** SUPPLIED DATA follows **

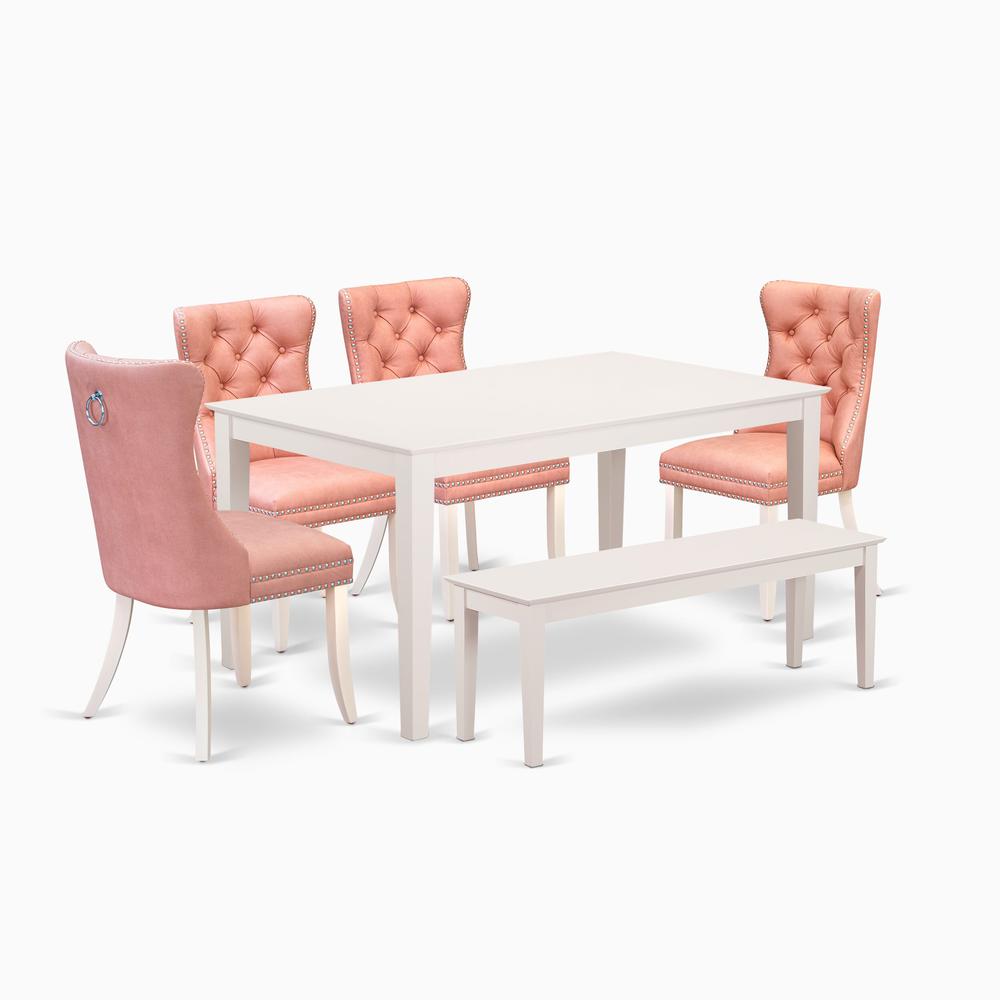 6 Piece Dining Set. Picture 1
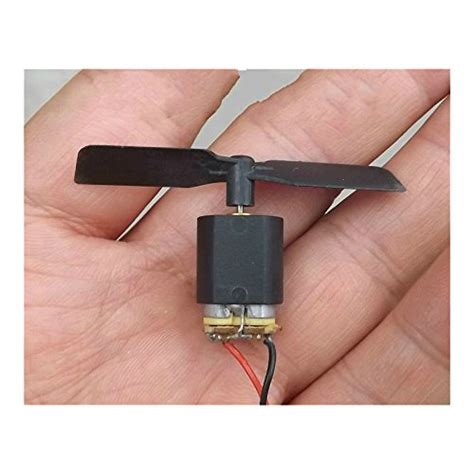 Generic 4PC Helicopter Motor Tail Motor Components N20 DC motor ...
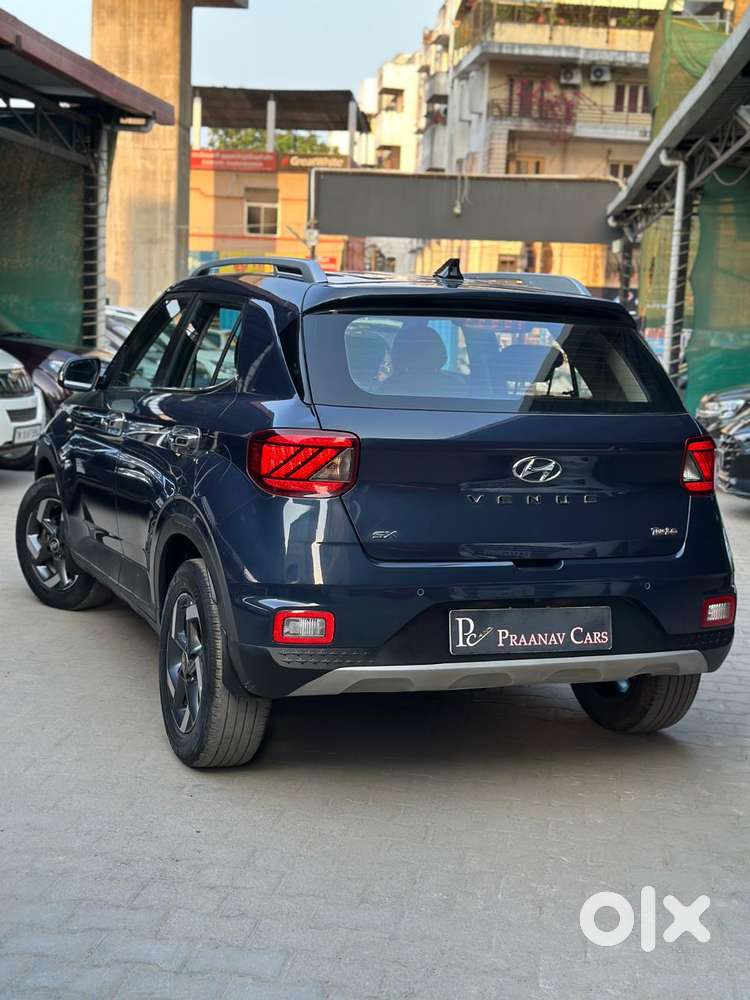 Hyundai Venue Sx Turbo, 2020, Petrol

** End of SUPPLIED DATA **

## [ABOUT THIS TASK]
Please copy, exactly and only, the lines of the listing that run from the one holding "Generic 4PC Helicopter" through its last line, and exclude pictures.

## [SOLVED PROBLEM]
 Generic 4PC Helicopter Motor Tail Motor Components N20 DC motor ...
 Hyundai Venue Sx Turbo, 2020, Petrol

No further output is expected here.